- **YOUR ASSIGNMENT**
From the listing below, output only the lines starting at the line that has "9334 Glidden Court, Wellington FL 33414" and ending at the line that has "Mitigeur de colonne", exactly as they appear, ends included.

- **RECORDED DATA**
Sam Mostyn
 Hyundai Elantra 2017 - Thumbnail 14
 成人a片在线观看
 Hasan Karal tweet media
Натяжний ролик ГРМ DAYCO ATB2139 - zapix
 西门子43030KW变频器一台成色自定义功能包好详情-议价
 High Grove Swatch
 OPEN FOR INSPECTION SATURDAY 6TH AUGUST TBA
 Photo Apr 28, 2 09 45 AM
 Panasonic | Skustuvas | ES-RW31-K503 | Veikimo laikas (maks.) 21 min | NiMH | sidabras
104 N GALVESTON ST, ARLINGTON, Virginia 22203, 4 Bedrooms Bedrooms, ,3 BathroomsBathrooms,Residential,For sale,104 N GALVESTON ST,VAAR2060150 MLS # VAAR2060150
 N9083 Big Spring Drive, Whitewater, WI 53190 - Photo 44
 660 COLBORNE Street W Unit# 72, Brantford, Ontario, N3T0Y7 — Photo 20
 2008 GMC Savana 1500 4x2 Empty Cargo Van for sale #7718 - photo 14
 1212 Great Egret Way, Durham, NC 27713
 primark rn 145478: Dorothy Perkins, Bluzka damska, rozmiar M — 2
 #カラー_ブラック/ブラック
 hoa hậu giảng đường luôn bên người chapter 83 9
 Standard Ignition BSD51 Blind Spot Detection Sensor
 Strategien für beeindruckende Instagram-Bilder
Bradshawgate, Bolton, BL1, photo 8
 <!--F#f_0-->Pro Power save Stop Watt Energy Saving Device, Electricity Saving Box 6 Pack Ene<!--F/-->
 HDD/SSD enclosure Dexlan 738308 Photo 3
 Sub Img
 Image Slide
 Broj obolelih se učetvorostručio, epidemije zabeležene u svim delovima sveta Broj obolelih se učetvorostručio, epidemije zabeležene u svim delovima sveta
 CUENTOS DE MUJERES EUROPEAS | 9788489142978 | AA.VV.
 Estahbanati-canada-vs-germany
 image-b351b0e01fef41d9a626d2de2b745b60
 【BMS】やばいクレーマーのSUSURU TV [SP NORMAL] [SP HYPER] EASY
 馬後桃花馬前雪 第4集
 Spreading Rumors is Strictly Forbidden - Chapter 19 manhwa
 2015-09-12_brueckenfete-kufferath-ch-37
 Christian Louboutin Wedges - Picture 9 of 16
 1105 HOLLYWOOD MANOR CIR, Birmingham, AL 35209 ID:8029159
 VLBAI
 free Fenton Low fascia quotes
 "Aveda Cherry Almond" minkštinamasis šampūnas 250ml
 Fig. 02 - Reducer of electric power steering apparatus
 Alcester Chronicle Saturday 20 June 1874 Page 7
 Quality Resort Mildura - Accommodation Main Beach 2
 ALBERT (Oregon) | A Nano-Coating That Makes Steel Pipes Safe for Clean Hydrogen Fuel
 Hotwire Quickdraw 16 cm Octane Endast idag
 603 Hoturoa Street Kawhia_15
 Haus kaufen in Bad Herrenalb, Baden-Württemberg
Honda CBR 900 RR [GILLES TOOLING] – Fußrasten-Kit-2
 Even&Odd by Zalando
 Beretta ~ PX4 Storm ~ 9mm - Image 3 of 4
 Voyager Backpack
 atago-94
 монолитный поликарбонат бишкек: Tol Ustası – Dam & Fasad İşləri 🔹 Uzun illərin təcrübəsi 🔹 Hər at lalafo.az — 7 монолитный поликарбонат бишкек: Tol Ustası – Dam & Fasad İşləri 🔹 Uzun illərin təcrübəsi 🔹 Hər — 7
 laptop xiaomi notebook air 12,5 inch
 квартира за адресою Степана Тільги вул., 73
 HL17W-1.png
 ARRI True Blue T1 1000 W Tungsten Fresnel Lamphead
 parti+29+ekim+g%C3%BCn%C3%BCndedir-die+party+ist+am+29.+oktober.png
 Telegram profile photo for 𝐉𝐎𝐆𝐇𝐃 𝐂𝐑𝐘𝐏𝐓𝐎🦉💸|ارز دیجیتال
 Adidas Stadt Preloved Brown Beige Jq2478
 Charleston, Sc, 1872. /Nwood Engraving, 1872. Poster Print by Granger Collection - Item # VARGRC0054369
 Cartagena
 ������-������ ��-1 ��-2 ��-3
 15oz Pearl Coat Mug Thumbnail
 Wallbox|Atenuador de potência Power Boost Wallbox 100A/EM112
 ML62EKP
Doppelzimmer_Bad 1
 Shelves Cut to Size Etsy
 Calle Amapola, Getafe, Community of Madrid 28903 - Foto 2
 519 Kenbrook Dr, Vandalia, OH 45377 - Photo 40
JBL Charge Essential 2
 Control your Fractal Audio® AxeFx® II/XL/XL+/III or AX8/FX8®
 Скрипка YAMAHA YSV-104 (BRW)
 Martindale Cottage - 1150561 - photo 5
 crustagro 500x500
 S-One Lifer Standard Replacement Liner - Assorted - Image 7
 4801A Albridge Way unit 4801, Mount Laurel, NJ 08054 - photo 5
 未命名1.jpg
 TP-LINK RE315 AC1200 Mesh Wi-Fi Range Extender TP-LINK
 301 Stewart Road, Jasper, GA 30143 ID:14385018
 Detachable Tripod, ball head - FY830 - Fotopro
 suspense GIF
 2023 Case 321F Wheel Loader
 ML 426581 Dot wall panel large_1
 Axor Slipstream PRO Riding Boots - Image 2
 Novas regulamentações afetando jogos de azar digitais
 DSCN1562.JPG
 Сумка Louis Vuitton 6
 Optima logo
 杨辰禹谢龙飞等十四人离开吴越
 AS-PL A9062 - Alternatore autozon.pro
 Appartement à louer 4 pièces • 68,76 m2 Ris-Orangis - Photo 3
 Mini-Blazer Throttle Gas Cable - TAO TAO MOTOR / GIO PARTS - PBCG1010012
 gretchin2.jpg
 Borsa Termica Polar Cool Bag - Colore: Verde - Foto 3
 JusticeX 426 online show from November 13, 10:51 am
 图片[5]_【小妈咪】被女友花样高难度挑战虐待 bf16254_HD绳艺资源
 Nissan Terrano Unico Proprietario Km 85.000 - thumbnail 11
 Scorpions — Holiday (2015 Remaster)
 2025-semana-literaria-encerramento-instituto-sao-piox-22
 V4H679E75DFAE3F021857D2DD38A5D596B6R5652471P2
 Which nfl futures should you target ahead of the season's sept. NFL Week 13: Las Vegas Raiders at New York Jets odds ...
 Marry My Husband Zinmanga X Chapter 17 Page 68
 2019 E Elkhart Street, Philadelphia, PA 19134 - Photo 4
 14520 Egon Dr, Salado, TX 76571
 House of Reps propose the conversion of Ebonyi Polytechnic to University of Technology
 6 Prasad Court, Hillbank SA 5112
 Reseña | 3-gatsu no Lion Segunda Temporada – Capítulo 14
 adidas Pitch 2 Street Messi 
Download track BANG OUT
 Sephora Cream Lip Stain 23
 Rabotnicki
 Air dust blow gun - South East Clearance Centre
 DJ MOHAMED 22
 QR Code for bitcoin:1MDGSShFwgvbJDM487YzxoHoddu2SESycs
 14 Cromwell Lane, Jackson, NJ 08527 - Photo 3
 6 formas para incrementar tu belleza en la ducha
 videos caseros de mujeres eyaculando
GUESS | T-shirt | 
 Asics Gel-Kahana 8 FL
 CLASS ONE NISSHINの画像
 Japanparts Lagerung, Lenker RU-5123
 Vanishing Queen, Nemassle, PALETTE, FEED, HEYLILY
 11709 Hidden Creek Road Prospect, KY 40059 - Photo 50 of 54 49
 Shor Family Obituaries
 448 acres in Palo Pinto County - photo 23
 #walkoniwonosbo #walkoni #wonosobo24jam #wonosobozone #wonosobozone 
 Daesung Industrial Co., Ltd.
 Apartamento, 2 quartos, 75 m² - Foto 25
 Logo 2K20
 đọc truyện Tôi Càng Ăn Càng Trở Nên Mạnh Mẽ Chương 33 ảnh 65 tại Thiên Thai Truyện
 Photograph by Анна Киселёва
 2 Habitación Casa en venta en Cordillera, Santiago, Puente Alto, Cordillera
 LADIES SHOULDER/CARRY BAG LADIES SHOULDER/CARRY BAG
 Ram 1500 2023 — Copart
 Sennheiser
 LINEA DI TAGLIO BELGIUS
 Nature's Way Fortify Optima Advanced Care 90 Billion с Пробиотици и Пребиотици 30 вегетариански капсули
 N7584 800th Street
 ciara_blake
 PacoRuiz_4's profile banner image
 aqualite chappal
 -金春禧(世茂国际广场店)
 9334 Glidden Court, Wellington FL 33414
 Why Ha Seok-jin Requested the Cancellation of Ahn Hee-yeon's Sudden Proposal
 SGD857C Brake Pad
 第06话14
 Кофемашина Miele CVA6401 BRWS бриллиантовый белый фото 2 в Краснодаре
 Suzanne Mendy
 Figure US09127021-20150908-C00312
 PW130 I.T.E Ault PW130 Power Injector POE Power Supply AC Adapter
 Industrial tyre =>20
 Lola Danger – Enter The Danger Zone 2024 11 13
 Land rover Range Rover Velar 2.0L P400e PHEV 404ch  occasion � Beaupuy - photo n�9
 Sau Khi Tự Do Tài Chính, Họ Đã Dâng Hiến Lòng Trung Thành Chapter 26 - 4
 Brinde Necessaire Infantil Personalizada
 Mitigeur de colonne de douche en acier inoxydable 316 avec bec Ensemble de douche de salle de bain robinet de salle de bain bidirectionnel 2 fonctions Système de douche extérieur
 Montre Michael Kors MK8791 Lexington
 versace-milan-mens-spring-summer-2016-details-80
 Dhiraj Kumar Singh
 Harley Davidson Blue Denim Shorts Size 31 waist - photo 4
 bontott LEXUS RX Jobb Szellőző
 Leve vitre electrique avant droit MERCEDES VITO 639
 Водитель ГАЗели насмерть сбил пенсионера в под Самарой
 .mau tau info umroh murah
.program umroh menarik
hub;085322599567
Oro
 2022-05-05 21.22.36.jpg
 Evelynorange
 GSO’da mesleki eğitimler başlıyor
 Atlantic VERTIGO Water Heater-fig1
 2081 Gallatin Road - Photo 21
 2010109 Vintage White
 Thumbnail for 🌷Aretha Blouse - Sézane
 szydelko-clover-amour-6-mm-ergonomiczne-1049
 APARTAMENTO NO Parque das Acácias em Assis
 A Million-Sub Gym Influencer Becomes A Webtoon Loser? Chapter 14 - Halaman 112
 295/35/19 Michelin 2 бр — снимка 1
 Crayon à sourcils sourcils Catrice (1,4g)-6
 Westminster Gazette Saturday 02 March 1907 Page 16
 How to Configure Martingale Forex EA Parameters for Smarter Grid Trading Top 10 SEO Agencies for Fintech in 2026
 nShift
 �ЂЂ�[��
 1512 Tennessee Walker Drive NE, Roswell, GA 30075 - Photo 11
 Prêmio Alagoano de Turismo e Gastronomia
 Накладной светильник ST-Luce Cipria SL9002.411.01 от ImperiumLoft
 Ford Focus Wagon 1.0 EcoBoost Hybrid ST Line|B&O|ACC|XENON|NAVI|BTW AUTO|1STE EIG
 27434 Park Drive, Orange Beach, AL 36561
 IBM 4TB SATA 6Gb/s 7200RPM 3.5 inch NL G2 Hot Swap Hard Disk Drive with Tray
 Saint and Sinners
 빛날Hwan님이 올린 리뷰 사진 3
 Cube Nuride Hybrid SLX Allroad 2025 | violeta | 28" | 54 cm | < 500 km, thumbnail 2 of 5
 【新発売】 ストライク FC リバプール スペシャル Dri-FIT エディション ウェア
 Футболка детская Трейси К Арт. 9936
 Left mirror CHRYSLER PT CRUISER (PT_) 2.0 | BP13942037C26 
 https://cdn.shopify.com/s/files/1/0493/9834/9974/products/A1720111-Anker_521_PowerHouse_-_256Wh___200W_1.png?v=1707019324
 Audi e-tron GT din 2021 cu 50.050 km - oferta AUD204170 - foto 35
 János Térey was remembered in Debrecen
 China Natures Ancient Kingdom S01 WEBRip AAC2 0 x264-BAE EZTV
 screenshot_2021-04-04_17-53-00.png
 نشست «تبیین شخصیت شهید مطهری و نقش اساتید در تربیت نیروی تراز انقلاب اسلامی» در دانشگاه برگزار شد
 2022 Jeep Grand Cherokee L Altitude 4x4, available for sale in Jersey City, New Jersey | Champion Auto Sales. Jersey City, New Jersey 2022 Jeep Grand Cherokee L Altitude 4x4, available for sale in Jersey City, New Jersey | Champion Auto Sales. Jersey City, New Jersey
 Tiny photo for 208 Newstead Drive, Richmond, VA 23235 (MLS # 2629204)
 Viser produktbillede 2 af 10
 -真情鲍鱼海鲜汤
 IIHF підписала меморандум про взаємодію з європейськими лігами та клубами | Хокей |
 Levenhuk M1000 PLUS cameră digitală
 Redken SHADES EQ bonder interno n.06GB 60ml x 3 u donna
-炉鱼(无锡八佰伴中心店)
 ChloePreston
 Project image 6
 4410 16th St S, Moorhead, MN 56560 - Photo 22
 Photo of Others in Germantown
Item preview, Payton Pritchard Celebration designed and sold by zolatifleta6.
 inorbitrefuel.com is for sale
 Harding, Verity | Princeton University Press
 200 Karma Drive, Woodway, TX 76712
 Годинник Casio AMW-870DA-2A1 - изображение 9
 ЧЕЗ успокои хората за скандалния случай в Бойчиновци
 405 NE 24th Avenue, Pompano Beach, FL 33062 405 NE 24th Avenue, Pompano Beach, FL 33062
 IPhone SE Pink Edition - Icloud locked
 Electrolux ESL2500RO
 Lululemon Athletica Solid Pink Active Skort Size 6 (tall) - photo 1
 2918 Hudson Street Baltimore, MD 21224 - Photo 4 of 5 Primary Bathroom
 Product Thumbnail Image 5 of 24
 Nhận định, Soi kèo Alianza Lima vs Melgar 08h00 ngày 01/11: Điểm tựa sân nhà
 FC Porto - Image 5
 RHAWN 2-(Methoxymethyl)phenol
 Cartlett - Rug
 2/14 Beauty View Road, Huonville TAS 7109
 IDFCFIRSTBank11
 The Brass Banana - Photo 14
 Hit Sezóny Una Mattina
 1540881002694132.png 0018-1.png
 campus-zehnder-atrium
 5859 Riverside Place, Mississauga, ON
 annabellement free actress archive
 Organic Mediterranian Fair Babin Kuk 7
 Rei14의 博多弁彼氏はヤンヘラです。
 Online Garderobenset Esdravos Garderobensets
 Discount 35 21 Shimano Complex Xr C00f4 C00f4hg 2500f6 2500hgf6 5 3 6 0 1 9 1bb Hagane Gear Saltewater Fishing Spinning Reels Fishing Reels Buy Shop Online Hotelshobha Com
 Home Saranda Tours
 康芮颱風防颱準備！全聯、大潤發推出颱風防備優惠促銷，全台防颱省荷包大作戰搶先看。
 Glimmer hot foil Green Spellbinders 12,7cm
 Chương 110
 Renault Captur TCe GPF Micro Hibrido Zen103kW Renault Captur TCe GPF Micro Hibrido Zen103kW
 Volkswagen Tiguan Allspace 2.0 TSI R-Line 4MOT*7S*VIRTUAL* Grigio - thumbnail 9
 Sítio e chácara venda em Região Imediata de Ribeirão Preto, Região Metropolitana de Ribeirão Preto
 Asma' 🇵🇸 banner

- **SOLUTION FOR THIS PROBLEM**
 9334 Glidden Court, Wellington FL 33414
 Why Ha Seok-jin Requested the Cancellation of Ahn Hee-yeon's Sudden Proposal
 SGD857C Brake Pad
 第06话14
 Кофемашина Miele CVA6401 BRWS бриллиантовый белый фото 2 в Краснодаре
 Suzanne Mendy
 Figure US09127021-20150908-C00312
 PW130 I.T.E Ault PW130 Power Injector POE Power Supply AC Adapter
 Industrial tyre =>20
 Lola Danger – Enter The Danger Zone 2024 11 13
 Land rover Range Rover Velar 2.0L P400e PHEV 404ch  occasion � Beaupuy - photo n�9
 Sau Khi Tự Do Tài Chính, Họ Đã Dâng Hiến Lòng Trung Thành Chapter 26 - 4
 Brinde Necessaire Infantil Personalizada
 Mitigeur de colonne de douche en acier inoxydable 316 avec bec Ensemble de douche de salle de bain robinet de salle de bain bidirectionnel 2 fonctions Système de douche extérieur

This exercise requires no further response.